Written by Admin | Nov 23, 2017 5:00:00 AM

Status Update

  • Trading at both Saint Mary’s Axe and Broadgate has been strong, with occupancy above 60% at both venues for most of the year, and yields (net revenue per class attendance) at, or better than, plan (the absolute value of yield is commercial in confidence).
  • In September, occupancy fell just below 60% and yield was 10% below plan. This was due to a period of discounting, particularly by Classpass, but also by new competitors opening competing formats in cycle (impacting Ride classes) and boxing (impacting Rumble). Circuit training (Reshape) was less affected.
  • As a result of these factors, expected full year club EBITDA figures are now slightly below £1.5m, but management are responding with changes to class schedules and pricing of own brand packages, and believe that the Classpass impact and competitive programmes will be temporary. Central Costs are higher as staffing is increased ahead of new club openings.
  • In mid-October, 1Rebel announced that Codex (a private equity group representing a number of ultra high net worth investors) would be investing £6.6m into the group for a 28% stake. The pre-money valuation was £10m, compared to the £3m pricing Growthdeck shareholders paid.

 

Trading Performance

2017
(£’000s)

Jan-Sep
Actual
Turnover 3,075
Club Costs (2,051)
Club EBITDA 1,024
Head Office & Exceptional (419)
EBITDA 605
Depreciation (355)
Interest (111)
Net Profit 139

 

Cash Update

  • Excluding the Codex investment, 1Rebel had £620k cash at the end of September 2017.
  • A condition of the Codex agreement is that the business will maintain a cash buffer of a minimum of £500k, (the plan shows lowest cash balance of £900k). In the event forecasts suggest the buffer could be breached for whatever reason, the intention is that the new build programme will be slowed down.

 

Revised Business Plan

Key elements of the revised business plan include:


- 17 clubs opened by 2022
- Average occupancy of each club at maturity 65%
- Occupancy build up in each new club 20%-65% in 12 months
- Yield at levels not impacted by further discounting
- EBITDA in 2022 >£10m
- Growthdeck shareholders’ net return would be 9x money if the exit multiple achieved was 8x EBIT

  • Though the key occupancy and yield figures are above current trading, management believe that by applying lessons learned in the operation of their first two clubs, they are entirely achievable.
  • Three new venues have already been secured, South Bank (opposite the Mondrian Hotel), Victoria and Bayswater, all of which could open in Q1 2018. Negotiations are advanced on one further site, and surveys are underway at a further 4 sites (all in London).

 

Exit Planning

  • The new plan assumes an exit by IPO in 2022. There is no EIS component to the Codex investment, so were a trade or PE bid to be made before then, it can be considered on its own merit.

 

Summary

  • The Codex investment materially de-risks this investment, and whilst the dilution and likely later exit are unfortunate, potential returns are healthy.

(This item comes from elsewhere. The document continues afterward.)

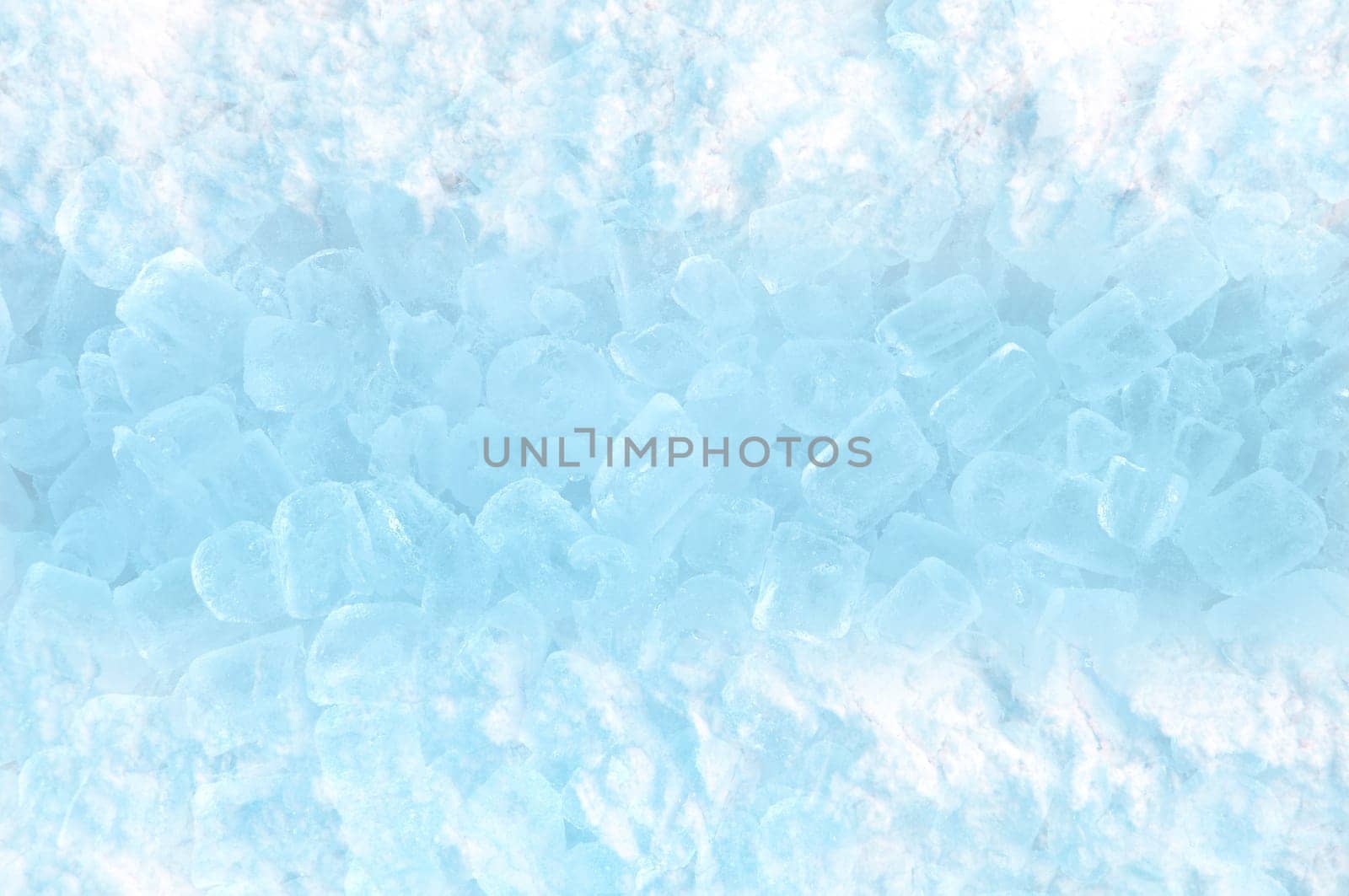 abstract ice cube and snow in blue light background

The boutique gym sector is growing significantly and, despite a number of new entrants, the 1Rebel brand retains its strength.
  • Occupancy and yield remain the key execution risks, but the business model has been thoroughly tested at St Mary’s Axe and Broadgate. Experience of everything from class size, format mix, equipment fit out, sales, marketing, pricing and customer service, from these two initial sites will be applied to all future venues.